次点6部門ノミネートとなったのが偶然にも宇宙をテーマにした『ライカ』と『ビハインド・ザ・ムーン』。
『ライカ』は、米ソ冷戦時代の1957年にソビエトが打ち上げた宇宙船「スプートニク2号」に乗せられ、地球軌道を周回した最初の動物として知られる犬、ライカが主人公。ライカが乗った宇宙船が小惑星B612に不時着して、サン・デグジュベリの小説『星の王子さま』に登場する王子さまやバラの姿をしたエイリアンに出会う……という史実にフィクションを合わせたファンタジックな物語。『女神様が見ている』『レッド・ブック』のハン・ジョンソク脚本家、イ・ソニョン作曲家、パク・ソヨン演出家という黄金トリオが再結集し、上演前から話題を集めていた新作だ。

『ライカ』スポット映像

一方、『ビハインド・ザ・ムーン』は、1969年に人類初の月面着陸に成功したNASAの宇宙船アポロ11号の司令船操縦士であったマイケル・コリンズに光を当てた作品。
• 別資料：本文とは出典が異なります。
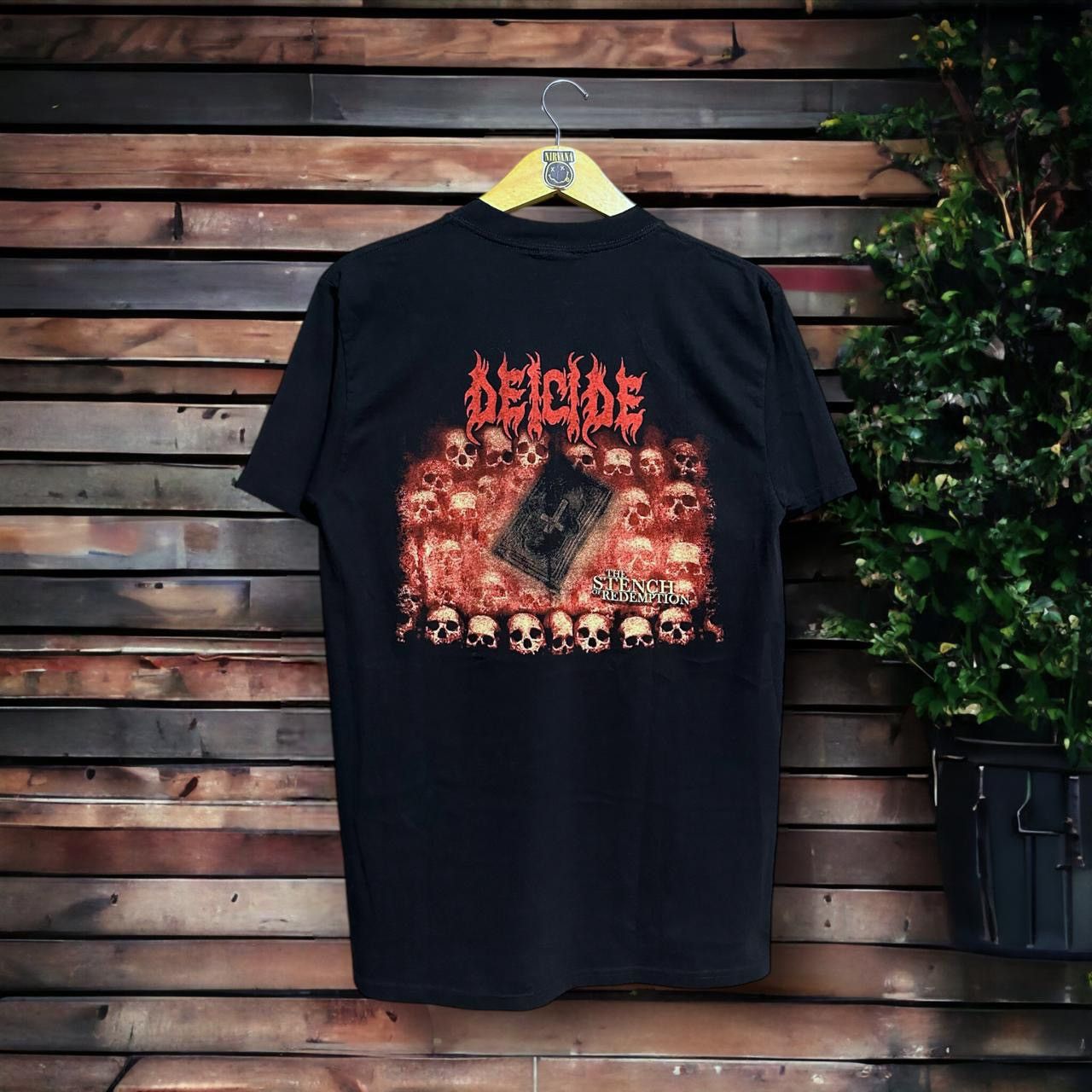 Band Tees Deicide The Stench Of Redemption 2006 Size US M / EU 48-50 / 2 - 2 Thumbnail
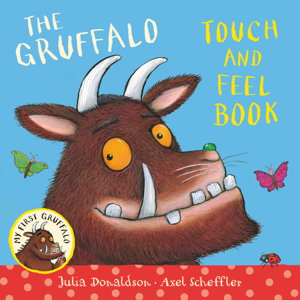 Cover art for My First Gruffalo
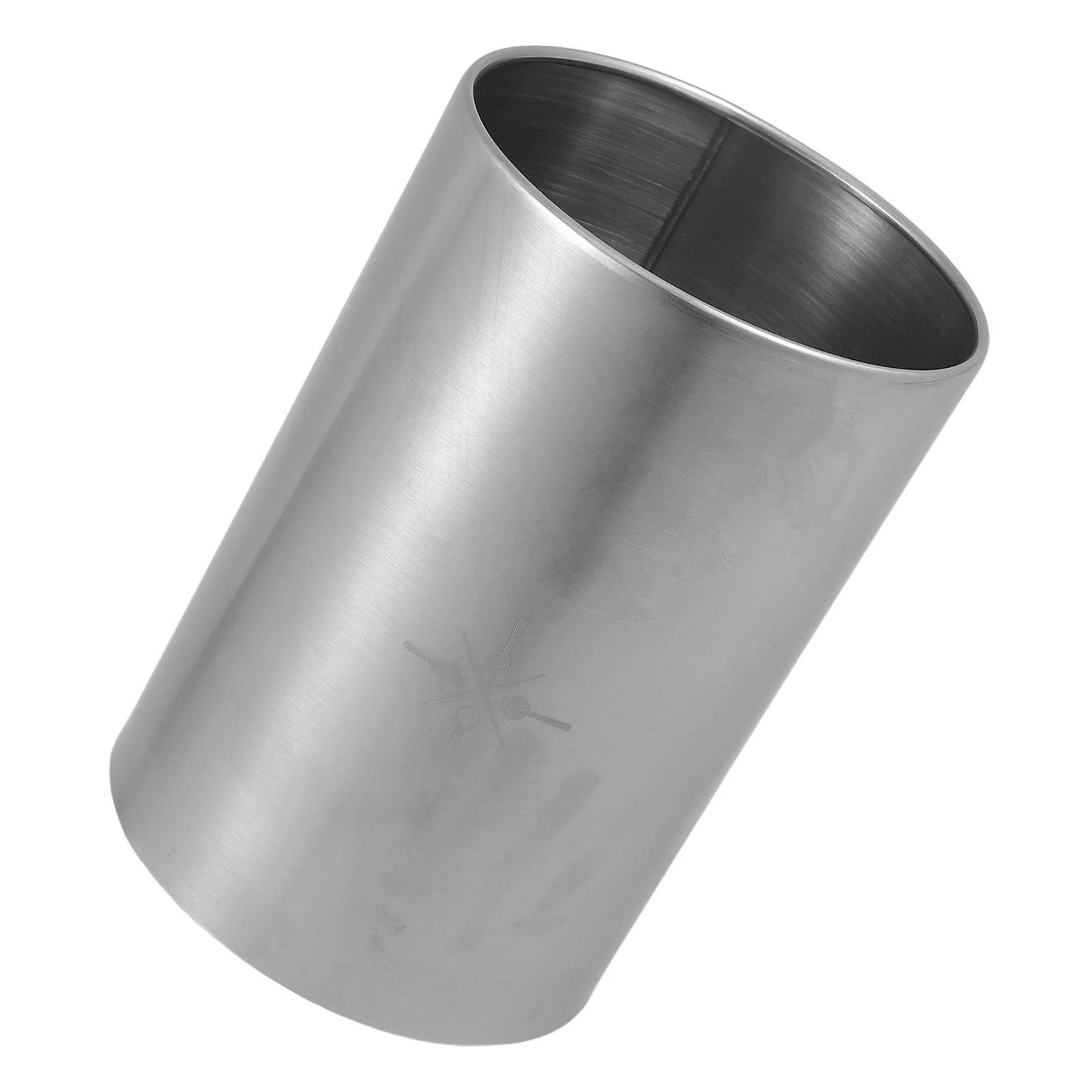 

Chopstick Holder Kitchen Utensils Organizer Stainless Steel Cutlery Container Drain Rack Storage Coffee Spoon Holder Desktop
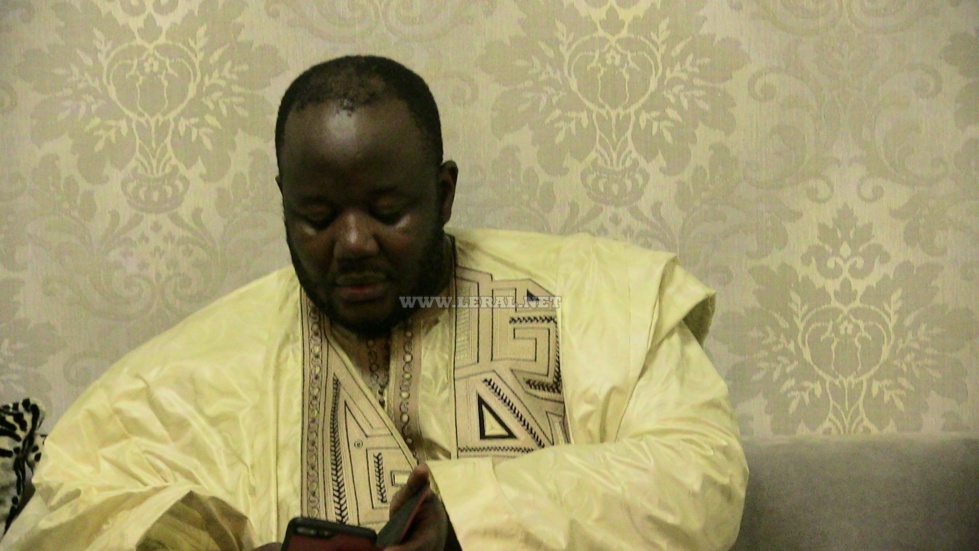 Meeting Serigne Mansour Niass à Kaolack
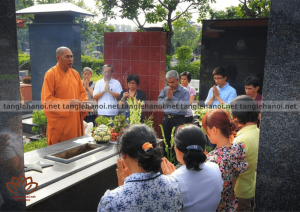 Tổ chức lễ an táng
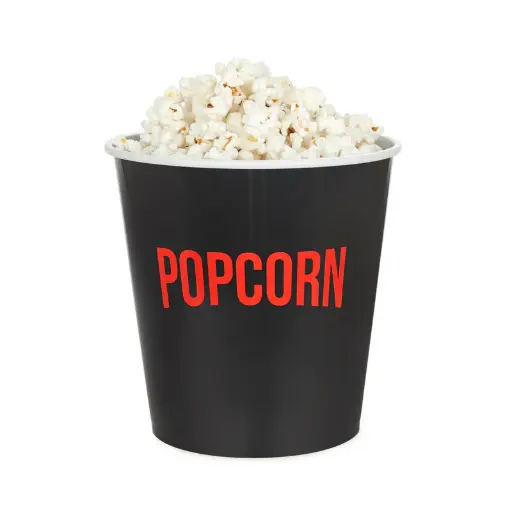 [DNA0028023] Balvi Popcorn bowl,PopCorn Streaming,black,2.8 L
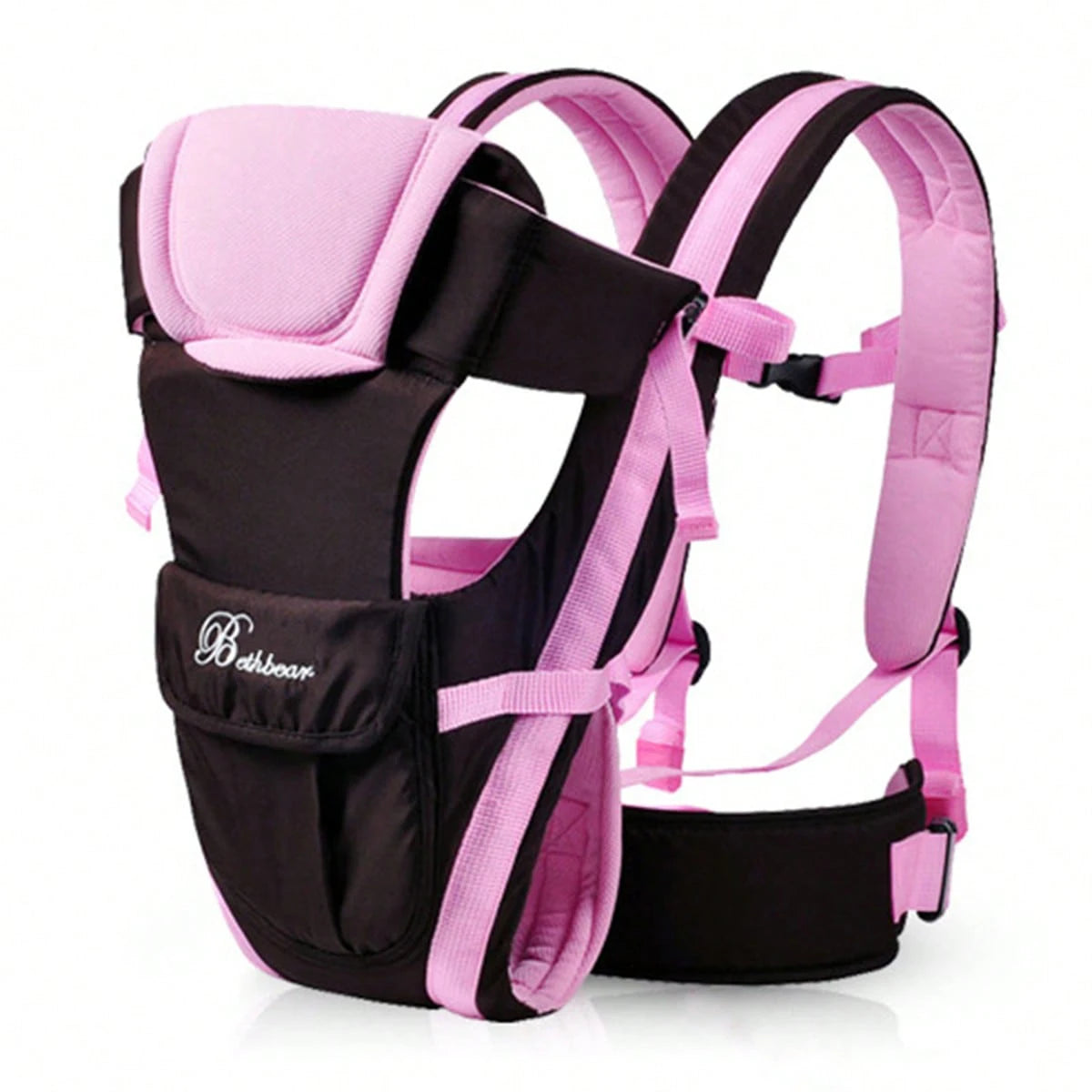 4-in-1 Ergonomic Baby Carrier – Infant Backpack Sling with Padded Support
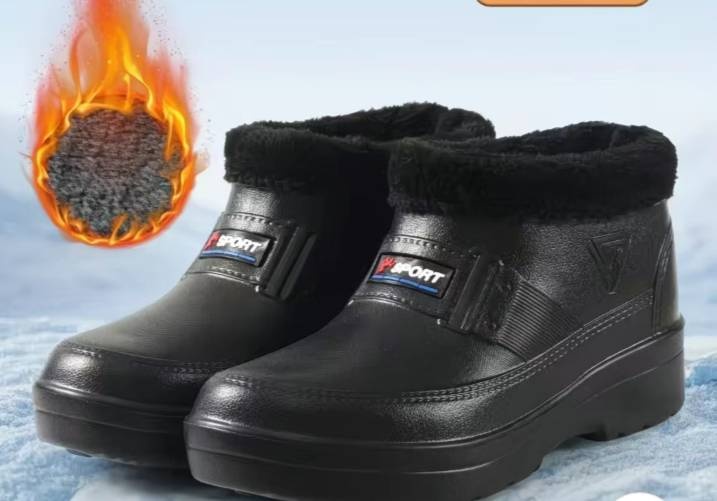 Галоши черный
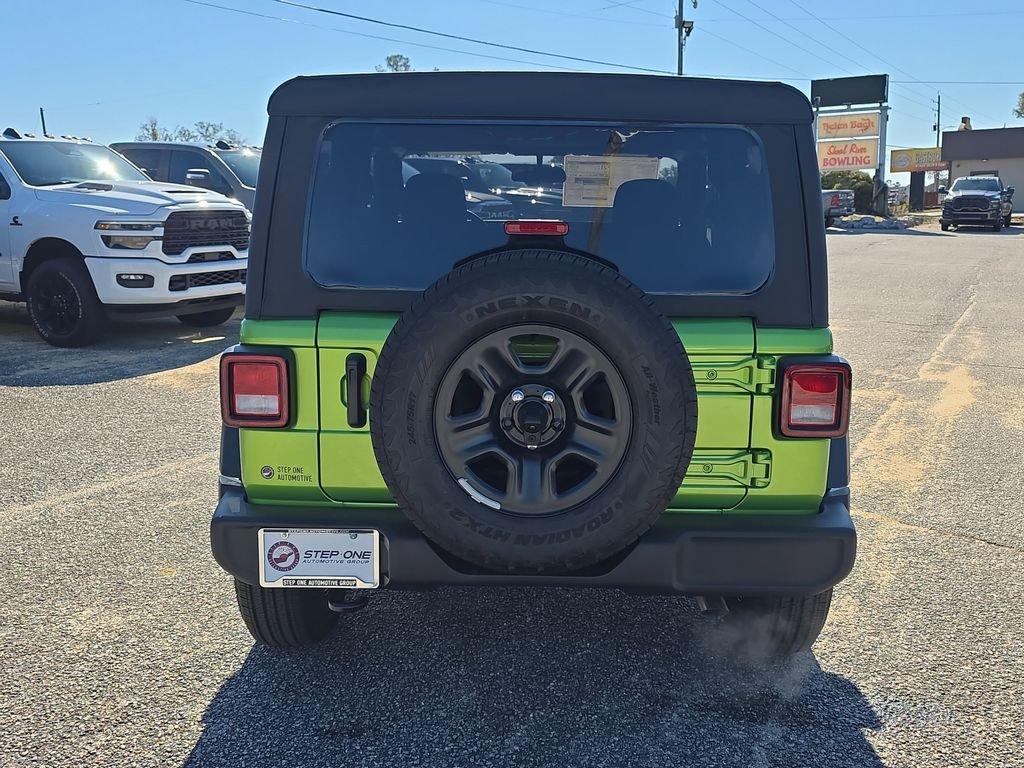 Jeep Wrangler Sport - Thumbnail 7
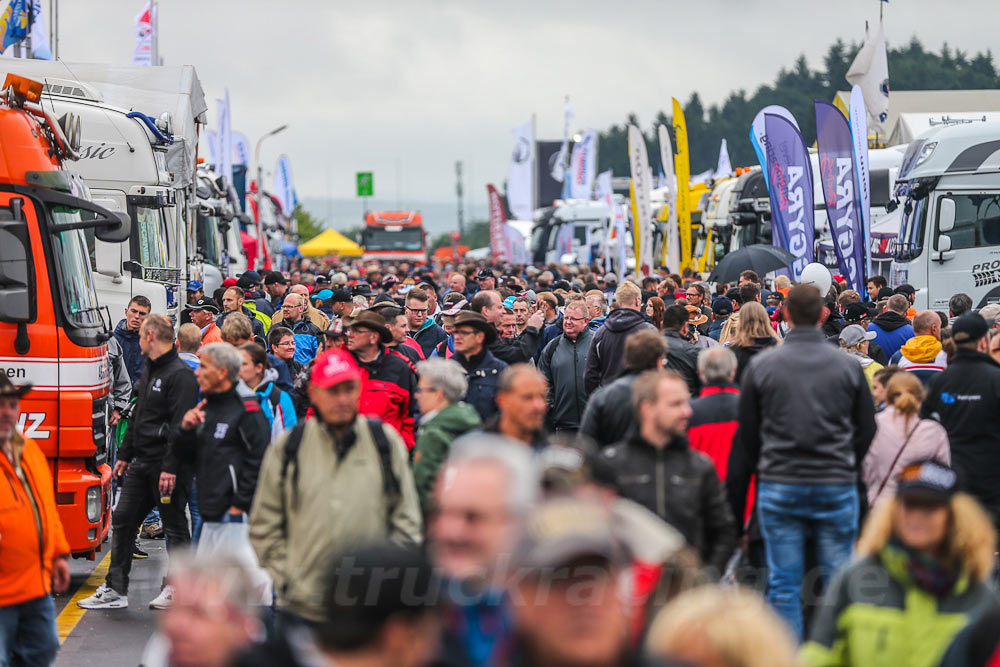 Truck Racing Nürburging 2017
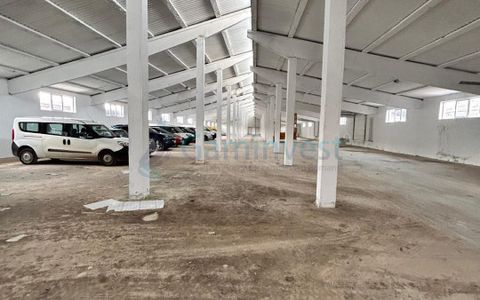 Hala de depozitare industriala Bors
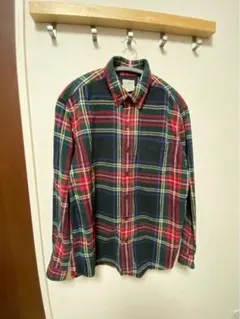 L.L.Bean ネルシャツ チェック柄 M-REGのサムネイル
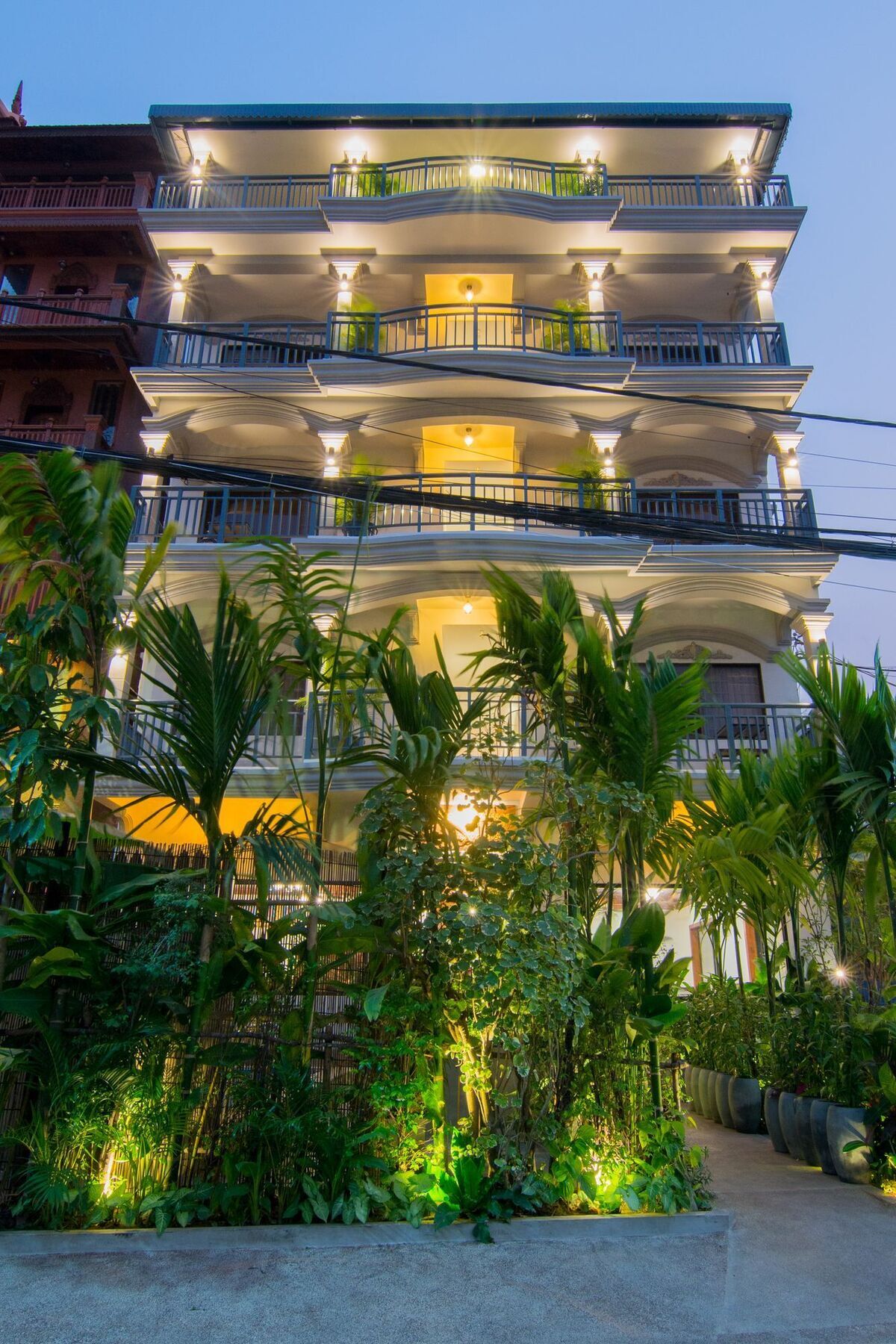 Bokre Angkor Hostel Siem Reap Eksteriør bilde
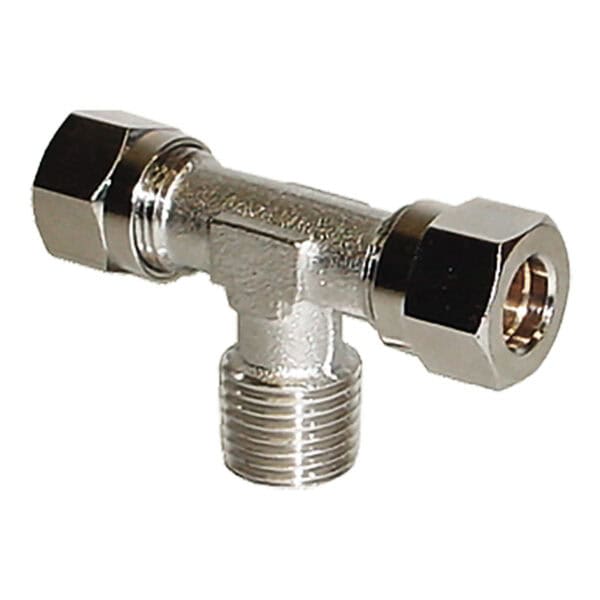 MO-19 T connector, taper thread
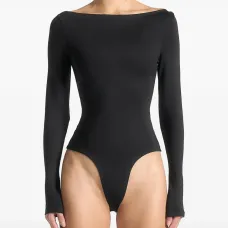 Боди Éva с длинными рукавами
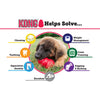KONG Classic Chew Interactive Dog Toy (In multiple sizes) - Heads Up For Tails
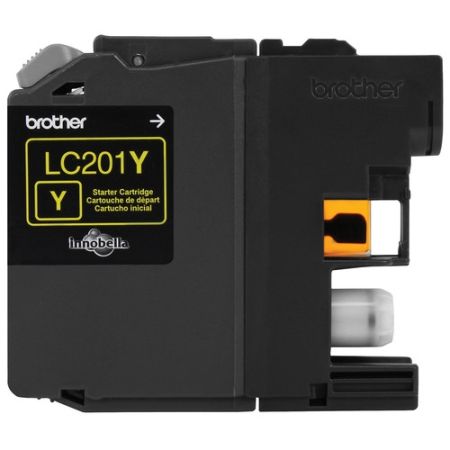 Brother LC201Y Innobella Standard Yield Yellow Ink Cartridge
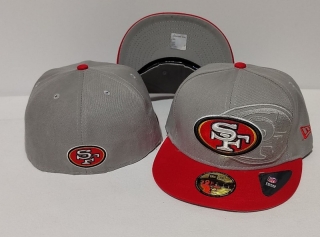 San Francisco 49ers NFL 59Fifty Fitted Caps 116698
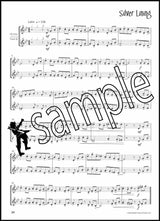 3rd sample page from JazzFX Solos for Trumpet Book/CD by Dave Gale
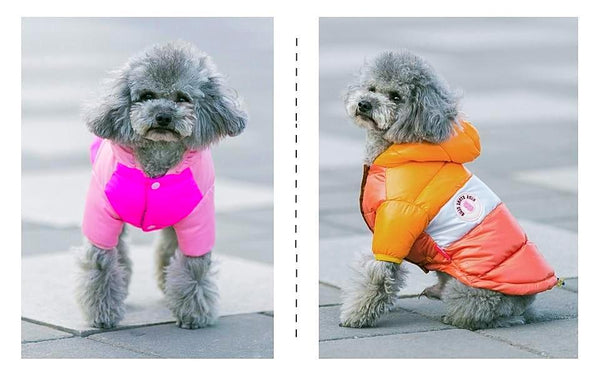 ﻿Dog Jackets - Pink - L - Happee Shoppee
月面着陸した宇宙飛行士ニール・アームストロング、バズ・オルトリンのミッションを成功させるため司令船内に残り任務を遂行し、言わばサポートに徹した男の背景を一人芝居で構成。ユ・ジュンサン、チョン・ムンソン、コ・フンジョン、コ・サンホとキャリア十分の豪華メンバーが主演している。

『ビハインド・ザ・ムーン』ハイライト映像

そして、同じく6部門ノミネートの『ザ・グレート・ギャツビー』は、ODカンパニーのシン・チュンス代表がプロデュースし、ブロードウェイのトップクリエイターを揃えてアメリカで創作。2023年に初演し、翌年の第77回トニー賞では韓国系デザイナーのリンダ・ジョーが衣装デザイン賞を受賞した。2025年にはロンドン、韓国プロダクションも上演され、今年は北米ツアーも実施される。このような制作背景に加え、原作は同名米国小説、キャストもすべて外国人ということもあり、純粋な韓国創作ミュージカルとするには疑問が残るが、長年ブロードウェイ進出にチャレンジし続けているシン代表に対する功労賞的な意味合いもあるノミネートだろう。

『ザ・グレート・ギャツビー』韓国公演スポット映像

作品部門は創作ミュージカルにノミネートが多い反面、俳優部門は海外ライセンスの大型作品や、既に評価を得た再演創作ミュージカルのノミニーが目立っている。加えて、スター俳優が徐々に世代交代していることも実感できる顔ぶれだ。そんななか、『マディソン郡の橋』は、主演賞パク・ウンテ、チョ・ジョンウン、助演賞チェ・ホジュンと、ベテラン勢がノミネートと健闘。3回目の上演にしてようやく作品の評価に繋がったことが伺える。

『マディソン郡の橋』スポット映像

授賞式は今年もMCを俳優イ・ゴンミョンが務め、音楽監督キム・ムンジョン指揮による「The M.C.オーケストラの生演奏で進行される。授賞式に華を添える祝賀公演は、アワードの10周年を記念し、『メイビー、ハッピーエンディング』をはじめ初演から10周年を迎えた創作ミュージカルに焦点を当てたスペシャルオープニングステージは必見だ。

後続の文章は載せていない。